Alongside this, the firm has touted Smart Summon’s reception among customers that had early access to the feature.
These users, Tesla said, ‘adds both convenience to their trips and provides them with a unique moment of delight when their car picks them up to begin their journey.’
Nevertheless, reports of the feature instead cultivating unique moments of panic seem to abound.
Twitter uses have posted pictures and video of Tesla cars that have apparently damaged themselves while self-driving, had near misses with other vehicles in parking lots and shocked passers-by.
Tesla seems to be well-aware, however, that the feature is — at least at present — not entirely reliable.
‘Those using Smart Summon must remain responsible for the car and monitor it and its surroundings at all times,’ they wrote in a press release in September.
The MailOnline has reached out to Tesla for comment.
HOW DO SELF-DRIVING CARS ‘SEE’?
Self-driving cars often use a combination of normal two-dimensional cameras and depth-sensing ‘LiDAR’ units to recognise the world around them.
However, others make use of visible light cameras that capture imagery of the roads and streets.
They are trained with a wealth of information and vast databases of hundreds of thousands of clips which are processed using artificial intelligence to accurately identify people, signs and hazards.
In LiDAR (light detection and ranging) scanning – which is used by Waymo – one or more lasers send out short pulses, which bounce back when they hit an obstacle.
These sensors constantly scan the surrounding areas looking for information, acting as the ‘eyes’ of the car.
While the units supply depth information, their low resolution makes it hard to detect small, faraway objects without help from a normal camera linked to it in real time.
In November last year Apple revealed details of its driverless car system that uses lasers to detect pedestrians and cyclists from a distance.

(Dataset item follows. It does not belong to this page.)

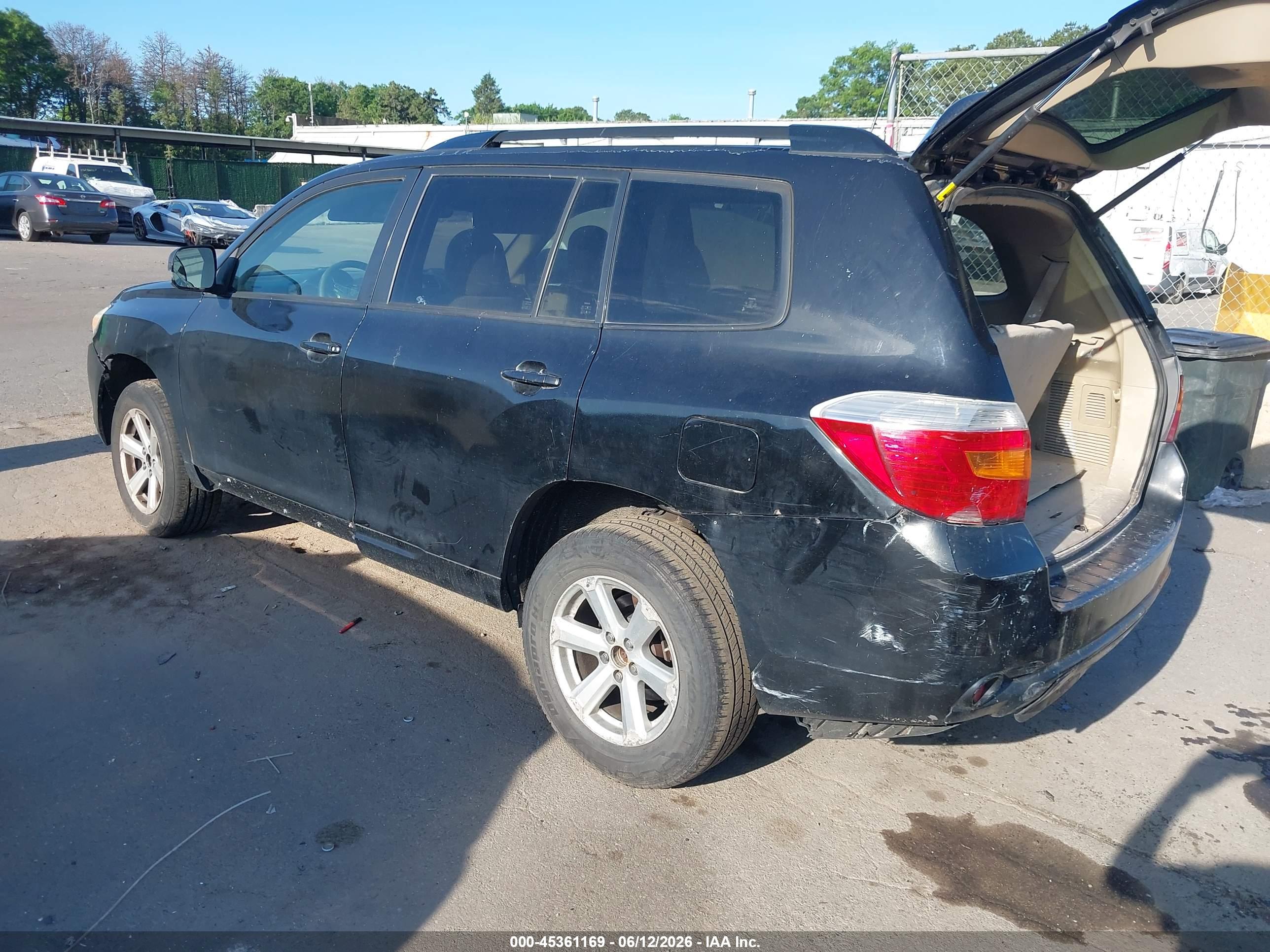 TOYOTA HIGHLANDER image 3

The Apple researchers said they were able to get ‘highly encouraging results’ in spotting pedestrians and cyclists with just LiDAR data.

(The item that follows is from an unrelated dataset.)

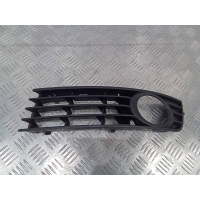 рамка фары противотуманной левая Audi A4 B6 2001 8E0807681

They also wrote they were able to beat other approaches for detecting three-dimensional objects that use only LiDAR.
Other self-driving cars generally rely on a combination of cameras, sensors and lasers.
An example is Volvo’s self driving cars that rely on around 28 cameras, sensors and lasers.

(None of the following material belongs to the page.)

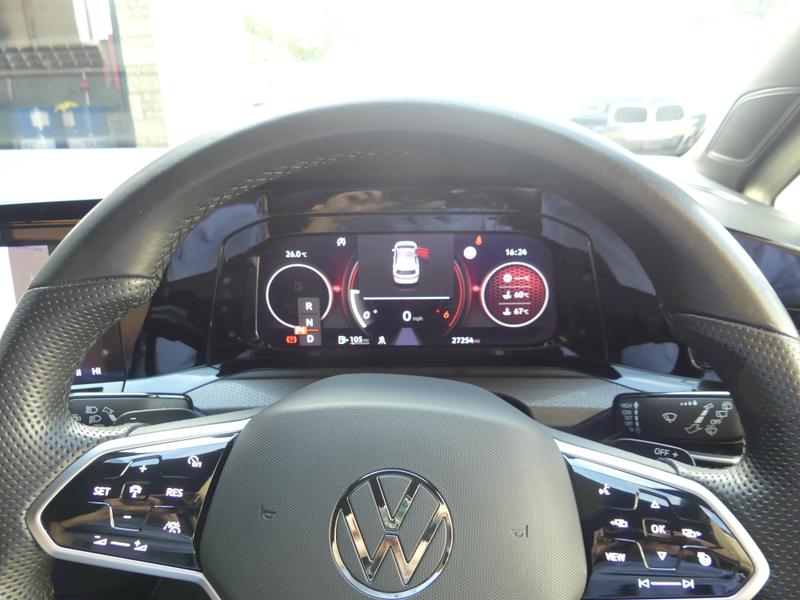 Volkswagen Golf Photo 97eba1aa-1440-4db6-8161-91ac24ce9242.jpg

A network of computers process information, which together with GPS, generates a real-time map of moving and stationary objects in the environment.
Twelve ultrasonic sensors around the car are used to identify objects close to the vehicle and support autonomous drive at low speeds.
A wave radar and camera placed on the windscreen reads traffic signs and the road’s curvature and can detect objects on the road such as other road users.
Four radars behind the front and rear bumpers also locate objects.
Two long-range radars on the bumper are used to detect fast-moving vehicles approaching from far behind, which is useful on motorways.
Four cameras – two on the wing mirrors, one on the grille and one on the rear bumper – monitor objects in close proximity to the vehicle and lane markings.